Funny women. You are a joy to me. A loud reminder that to be a woman can combined intelligence, brashness and the manipulation of one's body into the grotesque or the bizarre, rather than into uncomfortable underwear or the pre-pubescent gymnast look.
You may have heard comedy duo Hannah Croft and Fiona Pearce on Radio 4, in last year's series The Croft & Pearce Show. And there was certainly no dismissing the very 'Radio 4' feel of this performance. I imagined many of the audience to be deeply involved in the dramas of Ambridge. In fact if I'd closed my eyes I could have been in my childhood kitchen. The whole show is essentially a mickey-take of the inner sanctums of the Home Counties, for those in the inner sanctums of the Home Counties.
In the beginning, I felt that I was watching a show very much written for the radio. The humour was word based, with weighted comedy silences and exaggerated accents. However, as the evening continued the sketches became much more physical, perhaps a sign of the actors warming up into their roles. One of the enjoyable things was that they were able to do so. It soon became apparent that the characters were all intertwined. The whole show has been created using interlinking stories and recurring characters. This element of progression makes a sketch show so much more entertaining, with the character development adding depth. Suicidal Berkshire housewives Jean and June made multiple appearances, alternately driven to the edge by the stresses of open garden week, missing the Seville orange season in Waitrose, and the utter shame of being found out to shop in Aldi. The breakdown of June's awful toothy son's relationship is played out over the evening, beginning with an excruciatingly unsexy weekend in Paris, and ending with the single life, playing video games with a fellow bachelor of densely objectifying views on female desire.
Good comedians tend to be incredibly talented in their immediate placement of an audience into their own imagination. This is particularly important in sketch shows, in which an actor has a very short amount of time to create a viable world with an immediate hook - the sketch is lost without it. Croft and Pearce excel at this.

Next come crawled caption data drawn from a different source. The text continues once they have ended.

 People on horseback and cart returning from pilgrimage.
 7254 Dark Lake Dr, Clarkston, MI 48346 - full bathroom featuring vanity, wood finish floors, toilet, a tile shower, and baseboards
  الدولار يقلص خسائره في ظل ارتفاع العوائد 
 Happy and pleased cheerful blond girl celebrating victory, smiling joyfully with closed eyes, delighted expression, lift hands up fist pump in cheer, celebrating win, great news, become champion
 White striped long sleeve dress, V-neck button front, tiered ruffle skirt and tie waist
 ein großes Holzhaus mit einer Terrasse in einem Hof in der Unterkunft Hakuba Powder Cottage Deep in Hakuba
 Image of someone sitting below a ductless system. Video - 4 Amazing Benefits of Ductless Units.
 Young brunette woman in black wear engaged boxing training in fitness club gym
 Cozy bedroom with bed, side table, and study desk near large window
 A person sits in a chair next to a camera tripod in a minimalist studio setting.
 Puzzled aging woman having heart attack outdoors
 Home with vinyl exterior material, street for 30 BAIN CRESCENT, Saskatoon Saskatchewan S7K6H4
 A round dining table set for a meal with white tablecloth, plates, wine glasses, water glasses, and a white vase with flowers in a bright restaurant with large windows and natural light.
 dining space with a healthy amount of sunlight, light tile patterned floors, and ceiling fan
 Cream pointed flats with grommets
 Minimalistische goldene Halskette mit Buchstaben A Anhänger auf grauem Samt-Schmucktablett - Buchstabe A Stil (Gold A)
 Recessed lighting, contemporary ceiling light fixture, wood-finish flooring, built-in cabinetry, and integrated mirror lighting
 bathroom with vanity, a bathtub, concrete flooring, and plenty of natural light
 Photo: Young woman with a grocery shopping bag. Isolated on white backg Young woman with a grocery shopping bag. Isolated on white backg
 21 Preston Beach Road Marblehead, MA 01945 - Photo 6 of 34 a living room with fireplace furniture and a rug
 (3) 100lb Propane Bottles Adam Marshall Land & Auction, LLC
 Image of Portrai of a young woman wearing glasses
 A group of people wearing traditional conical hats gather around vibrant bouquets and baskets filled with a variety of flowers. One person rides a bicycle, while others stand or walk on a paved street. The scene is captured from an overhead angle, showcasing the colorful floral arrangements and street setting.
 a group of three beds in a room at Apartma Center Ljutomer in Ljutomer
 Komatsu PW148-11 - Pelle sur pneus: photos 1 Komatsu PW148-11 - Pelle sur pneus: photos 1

Working entirely without props, they manage to place the audience in, among many other locations, a Parisian apartment with Eiffel Tower view, a drowning sequence complete with hallucinations, and a disrupted sex workshop. The latter, in which a love and intimacy counsellor finds her workshop taken over by a dominating woman called Astrid who only booked onto the course in the belief it would be an orgy, is just one of the sketches involving those ill-fated words 'audience participation'. Perhaps it is because I was not singled out as a character called 'Fatty', or squashed between two overly-chatty Australians on a long haul flight, but I rather enjoyed it.
Sometimes I wonder if my love of funny women is based on a deep rooted desire of one-upmanship. I get a real kick out of women making men look silly, especially when said man is attempting to be sexy. Perhaps this is an issue I should explore with a qualified practitioner. Anyhow, Croft and Pearce's sketches are full of impressions of hilariously unalluring men, making all kinds of attempts to be manly, attractive, or to deal with feelings. That is not to say, of course, that the female characterisations are much more compelling. But the two women behind these awful characters, well, they're just wonderful. Funny women, I salute you.